▸ What you need to do
Repeat every entry exactly. Pictures stay out.

*** Opening of The data ***

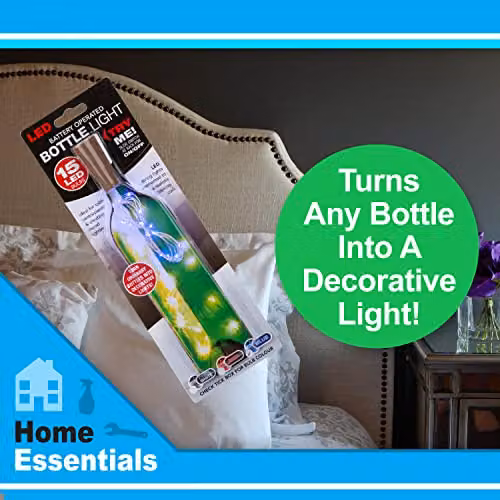 VFM Blue Battery Operated LED Mini Bottle Lights with Cork Stopper – 4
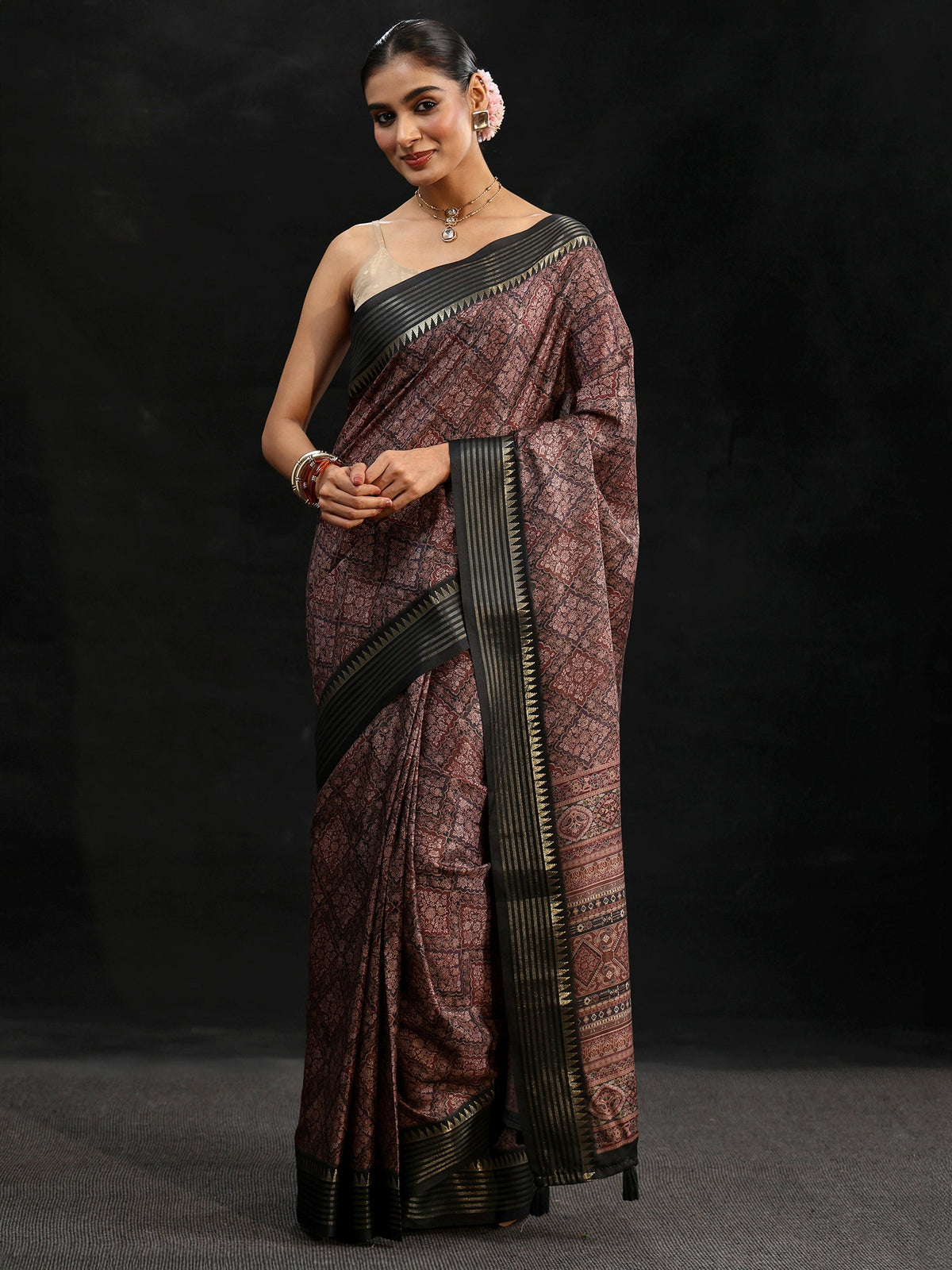 Anouk Black Floral Foil Printed Silk Blend Saree
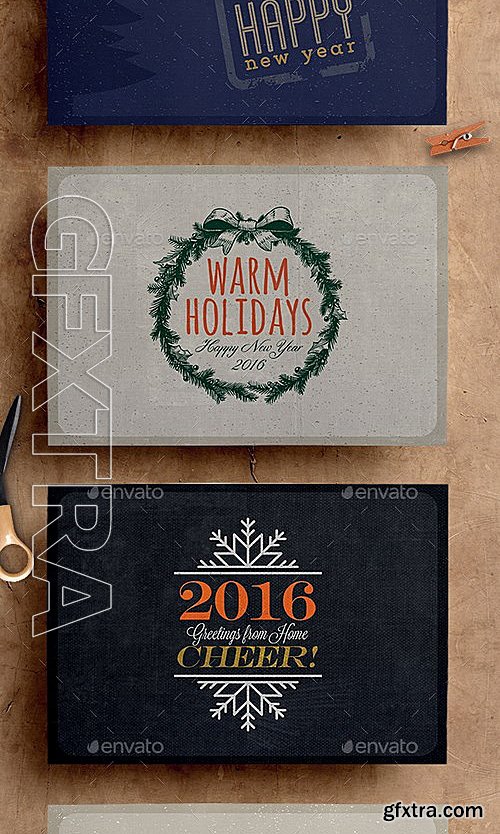 GraphicRiver - Retro Vintage Christmas Card Pack 13124894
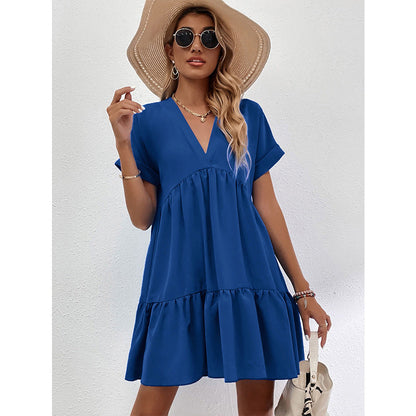 Tiered Babydoll Mini Dress with V-Neck and Short Sleeves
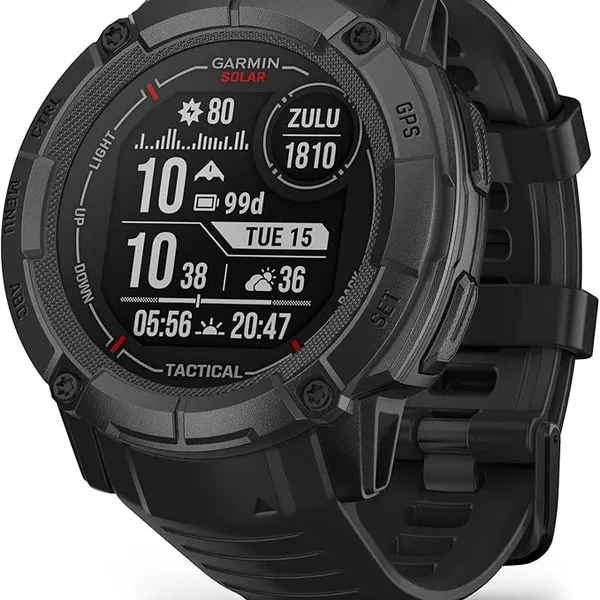 Garmin Instinct 2X Solar - Tactical Edition, Rugged GPS Smartwatch, Built-in Flashlight, Ballistics Calculator, Solar Charging Capability, Black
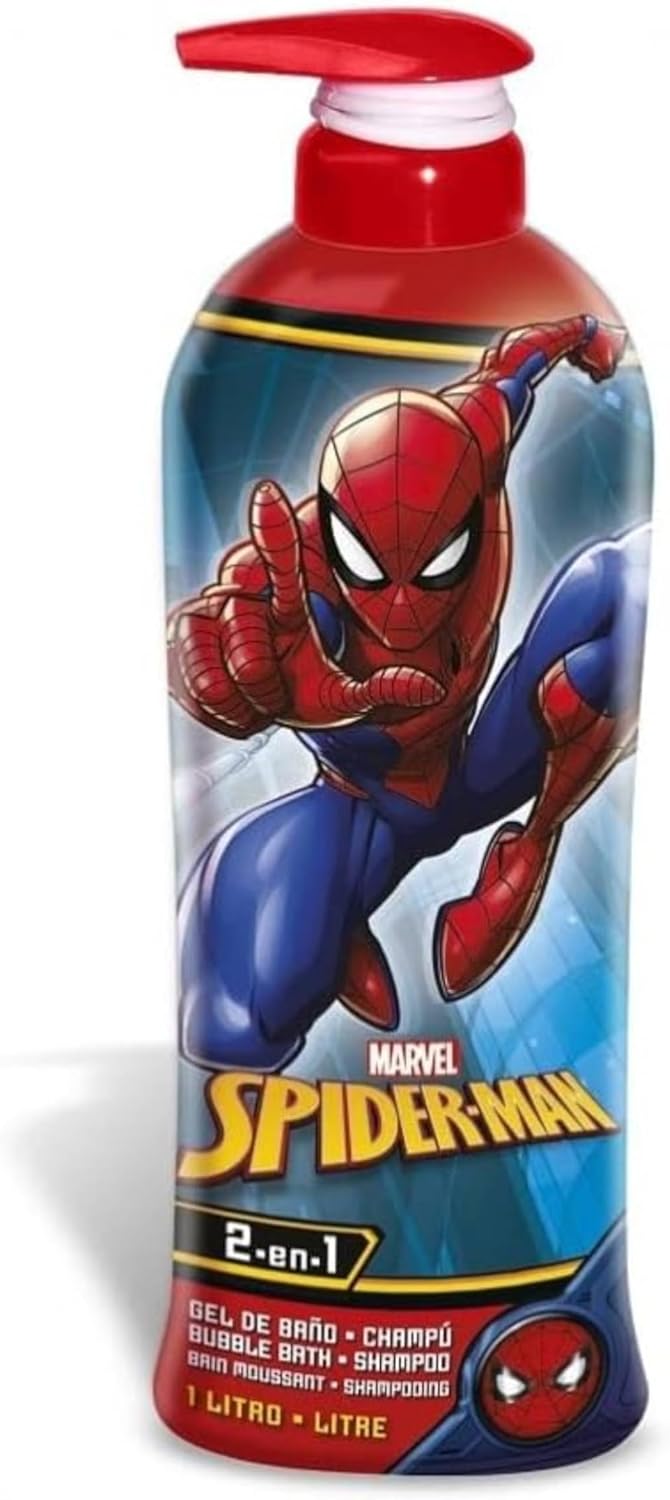 Spiderman Kids 2-in-1 Bubble Bath & Shampoo with Pump Dispenser – Gentle, Paraben-Free Bath & Hair Wash with Vitamin E & A, pH Balanced for Sensitive Skin - Lightly Scented, For Children Aged 6+, 1L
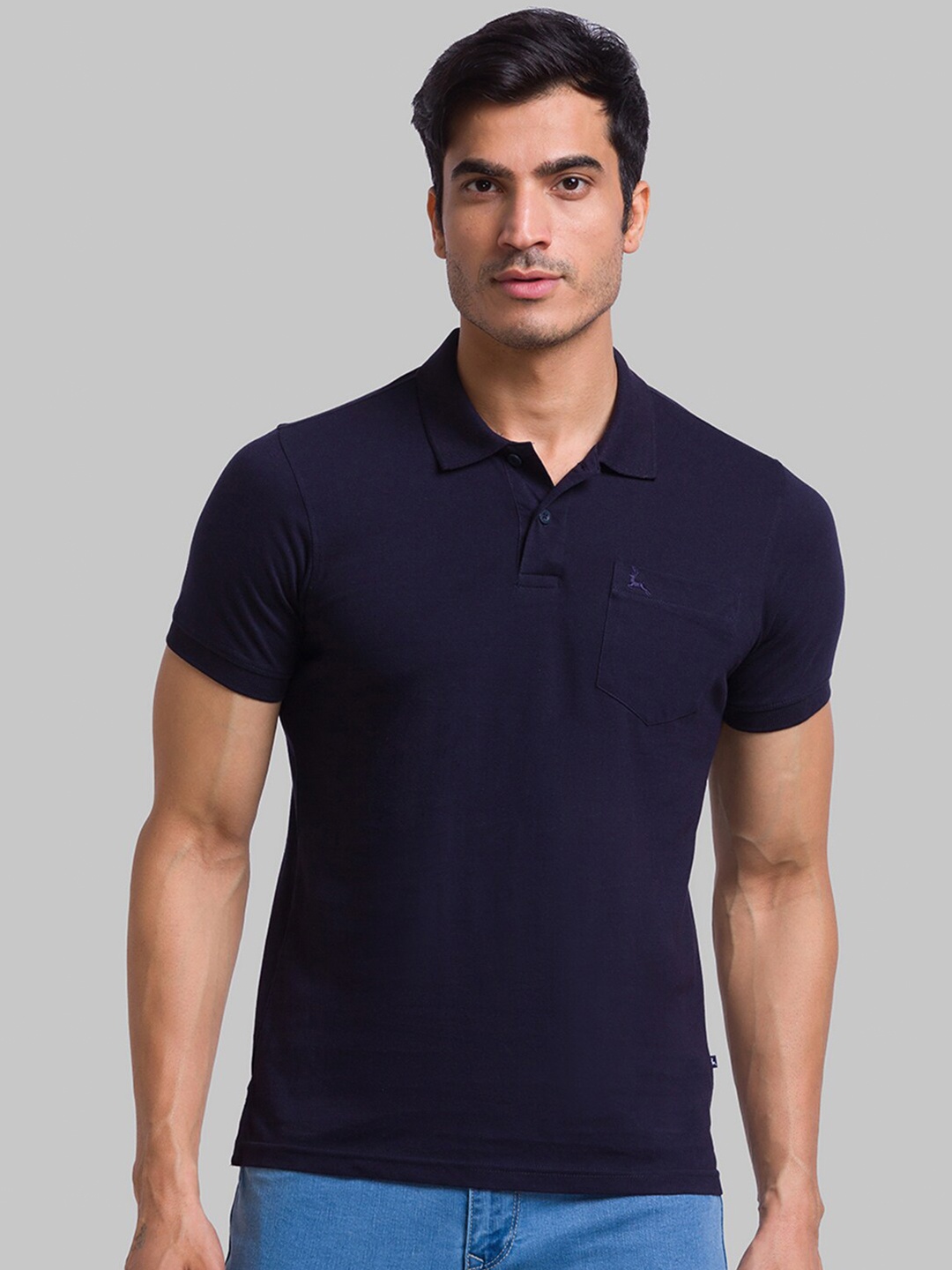 

Parx Men Navy Blue Polo Collar Cotton T-shirt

*** Close of The data ***

▸ Response to the exercise
 VFM Blue Battery Operated LED Mini Bottle Lights with Cork Stopper – 4
 Anouk Black Floral Foil Printed Silk Blend Saree
 GraphicRiver - Retro Vintage Christmas Card Pack 13124894
 Tiered Babydoll Mini Dress with V-Neck and Short Sleeves
 Garmin Instinct 2X Solar - Tactical Edition, Rugged GPS Smartwatch, Built-in Flashlight, Ballistics Calculator, Solar Charging Capability, Black
 Spiderman Kids 2-in-1 Bubble Bath & Shampoo with Pump Dispenser – Gentle, Paraben-Free Bath & Hair Wash with Vitamin E & A, pH Balanced for Sensitive Skin - Lightly Scented, For Children Aged 6+, 1L

Parx Men Navy Blue Polo Collar Cotton T-shirt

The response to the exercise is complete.